Vê-se que estão em conflito, em tese, duas garantias
constitucionais asseguradas ao réu. De um lado, o Tribunal do Júri, com o seu
princípio da soberania dos veredictos. De outro, a revisão criminal, ação
autônoma de impugnação manejável apenas pela defesa, inexistindo a denominada
revisão em favor da sociedade.
Decidiu o Supremo Tribunal Federal que, rescindindo
a decisão do Júri (juízo rescindente), o próprio Tribunal poderá realizar o
juízo rescisório e absolver, se for o caso, o condenado, não se limitando
apenas a devolver os autos para novo julgamento pelo Júri.
Poder-se-ia argumentar, então, que esse
posicionamento violaria a garantia do Tribunal do Júri, posto que o Tribunal de
Justiça estaria analisando, em sede de Revisão Criminal, crimes dolosos contra
a vida.
Porém, bem analisada a situação, ver-se-á que uma
garantia constitucional assegurada ao réu não pode ser interpretada em sentido
prejudicial ao próprio réu. Ou seja, a soberania dos veredictos, nesse caso, estaria
impedindo que houvesse a prolação de decisão favorável ao réu em sede de outra
garantia a ele assegurada.
Dessa forma, a partir da interpretação sistemática
das duas garantias – Juri e Revisão Criminal – parece-nos que agiu
acertadamente o STF: O Tribunal pode, em Revisão Criminal, efetuar o juízo
rescindente, prolatando, de logo, decisão mais favorável ao réu, sem a
necessidade de que haja novo julgamento pelo Tribunal do Júri.
Esse é o posicionamento da doutrina majoritária,
destacando-se Eugênio Pacelli e Aury Lopes Jr.
Júri - Soberania - Revisão Criminal - Possibilidade (Transcrições) –INFO 728
ARE 674151/MT*
RELATOR: Ministro Celso de Mello
EMENTA: REVISÃO CRIMINAL. CONDENAÇÃO PENAL PELO JÚRI. ERRO JUDICIÁRIO. INOPONIBILIDADE DA SOBERANIA DO VEREDICTO DO CONSELHO DE SENTENÇA À PRETENSÃO REVISIONAL. JULGAMENTO DESSA AÇÃO AUTÔNOMA DE IMPUGNAÇÃO PELO TRIBUNAL DE SEGUNDO GRAU. CUMULAÇÃO DO “JUDICIUM RESCINDENS” COM O “JUDICIUM RESCISSORIUM”. POSSIBILIDADE. RECURSO DO MINISTÉRIO PÚBLICO A QUE SE NEGA SEGUIMENTO.

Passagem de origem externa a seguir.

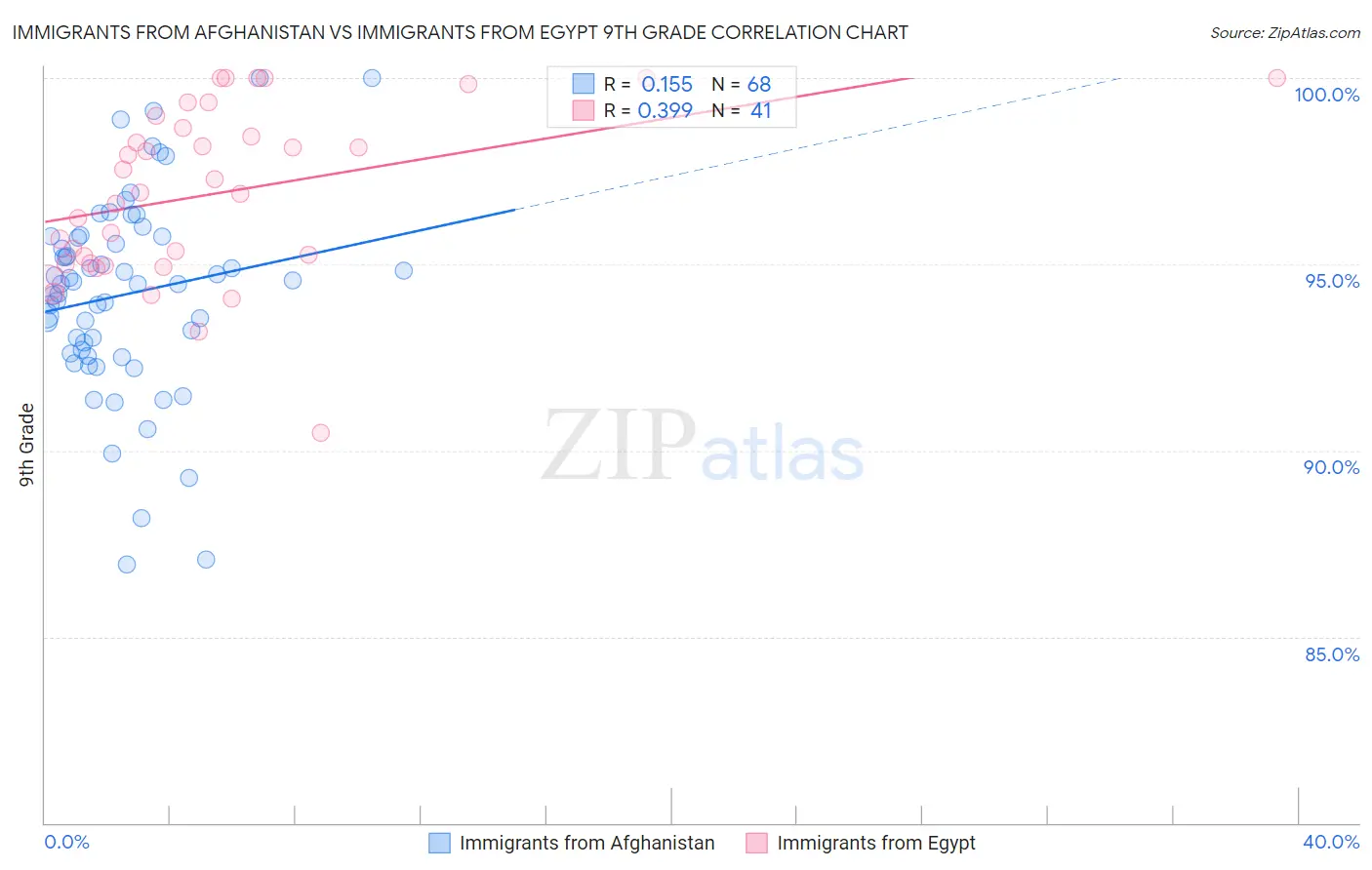 Immigrants from Afghanistan vs Immigrants from Egypt 9th Grade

- O Tribunal de segunda instância, ao julgar a ação de revisão criminal, dispõe de competência plena para formular tanto o juízo rescindente (“judicium rescindens”), que viabiliza a desconstituição da autoridade da coisa julgada penal mediante invalidação da condenação criminal, quanto o juízo rescisório (“judicium rescissorium”), que legitima o reexame do mérito da causa e autoriza, até mesmo, quando for o caso, a prolação de provimento absolutório, ainda que se trate de decisão emanada do júri, pois a soberania do veredicto do Conselho de Sentença, que representa garantia fundamental do acusado, não pode, ela própria, constituir paradoxal obstáculo à restauração da liberdade jurídica do condenado. Doutrina. Precedentes.